- [EXERCISE INPUT]

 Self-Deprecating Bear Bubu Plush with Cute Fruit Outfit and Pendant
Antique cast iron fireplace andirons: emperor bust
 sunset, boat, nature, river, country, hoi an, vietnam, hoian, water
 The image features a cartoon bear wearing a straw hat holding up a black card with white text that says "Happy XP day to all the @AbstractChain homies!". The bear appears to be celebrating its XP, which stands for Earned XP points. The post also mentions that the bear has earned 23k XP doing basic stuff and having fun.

...

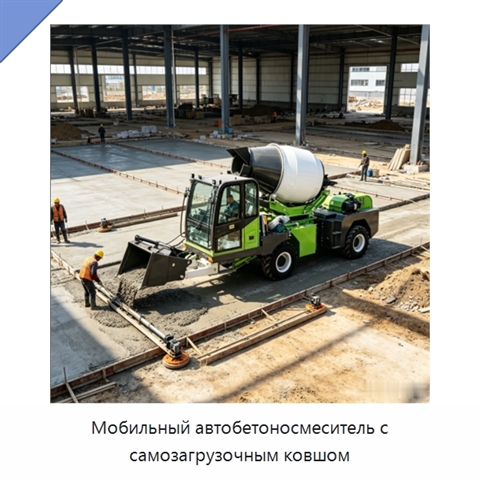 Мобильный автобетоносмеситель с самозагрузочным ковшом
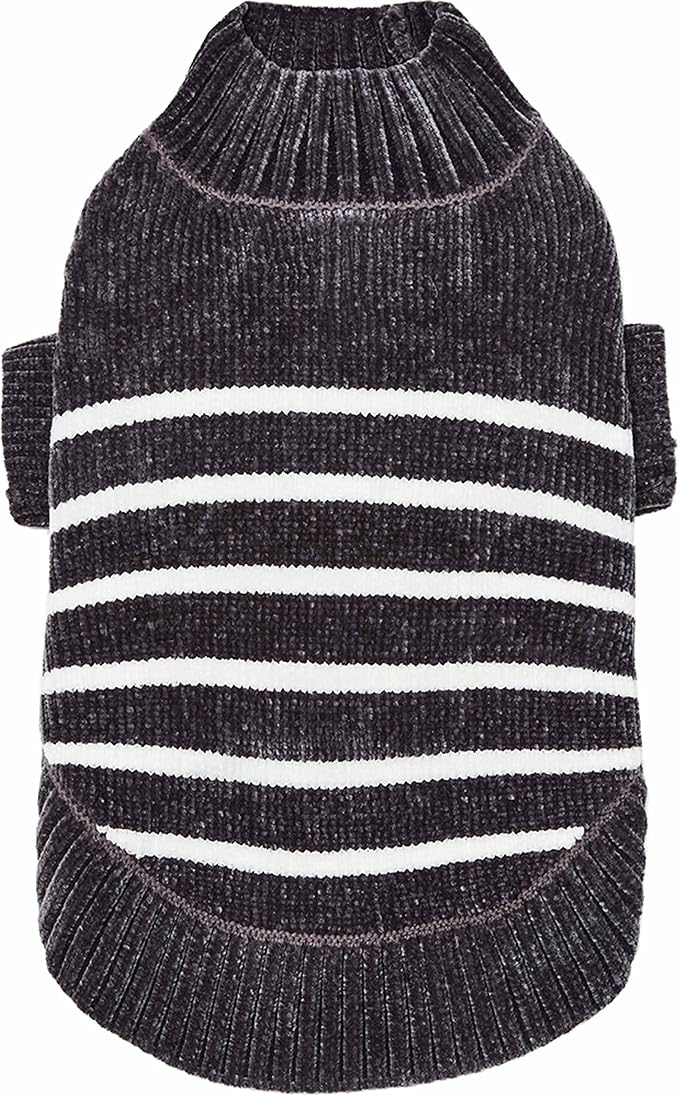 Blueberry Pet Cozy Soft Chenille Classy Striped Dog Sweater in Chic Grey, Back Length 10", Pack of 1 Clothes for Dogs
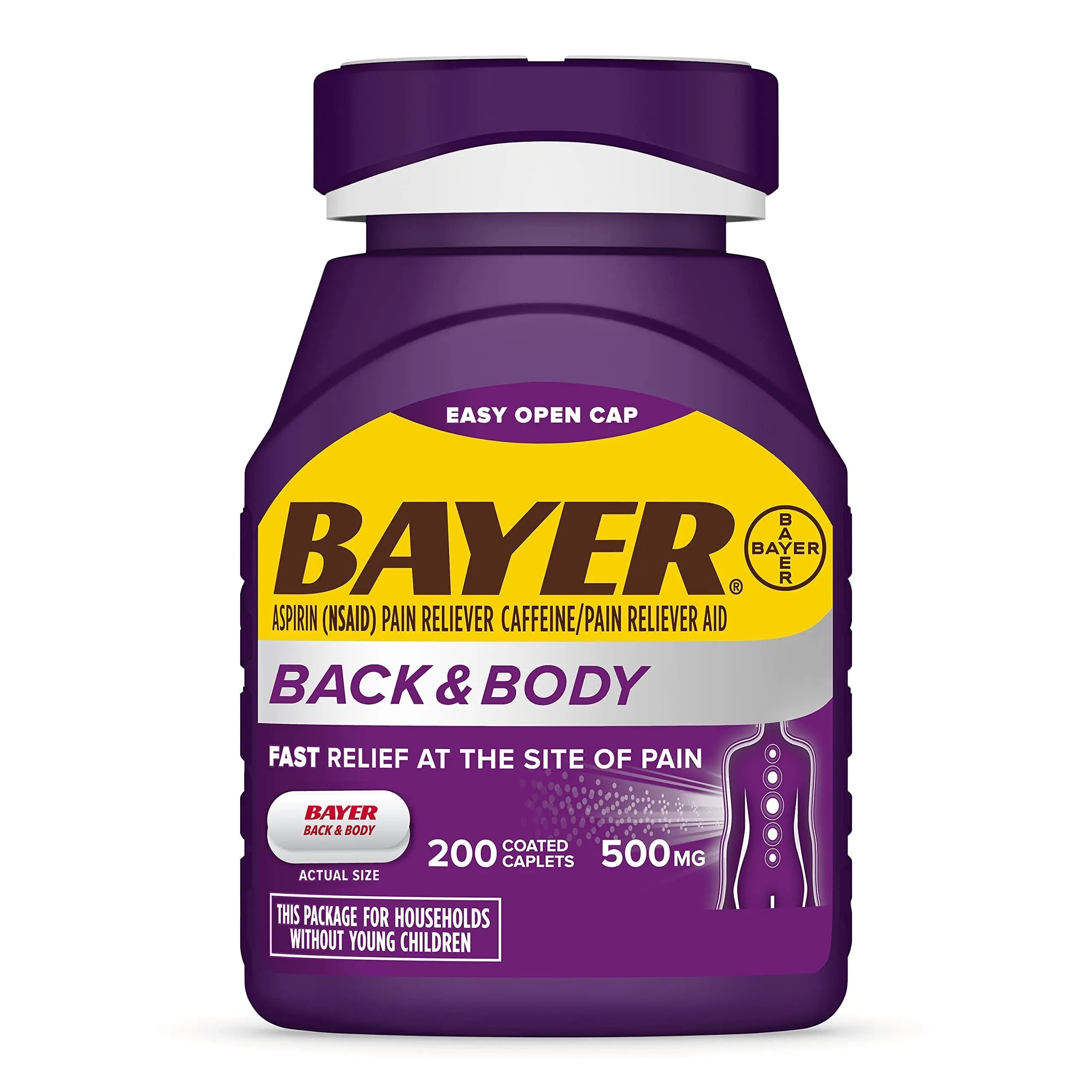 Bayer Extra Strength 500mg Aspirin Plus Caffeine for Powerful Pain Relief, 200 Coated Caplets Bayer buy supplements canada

- [WORK TO BE COMPLETED] Count the lines in these records that hold the string "with". Only the number is wanted.

- [SOLVED EXERCISE] 2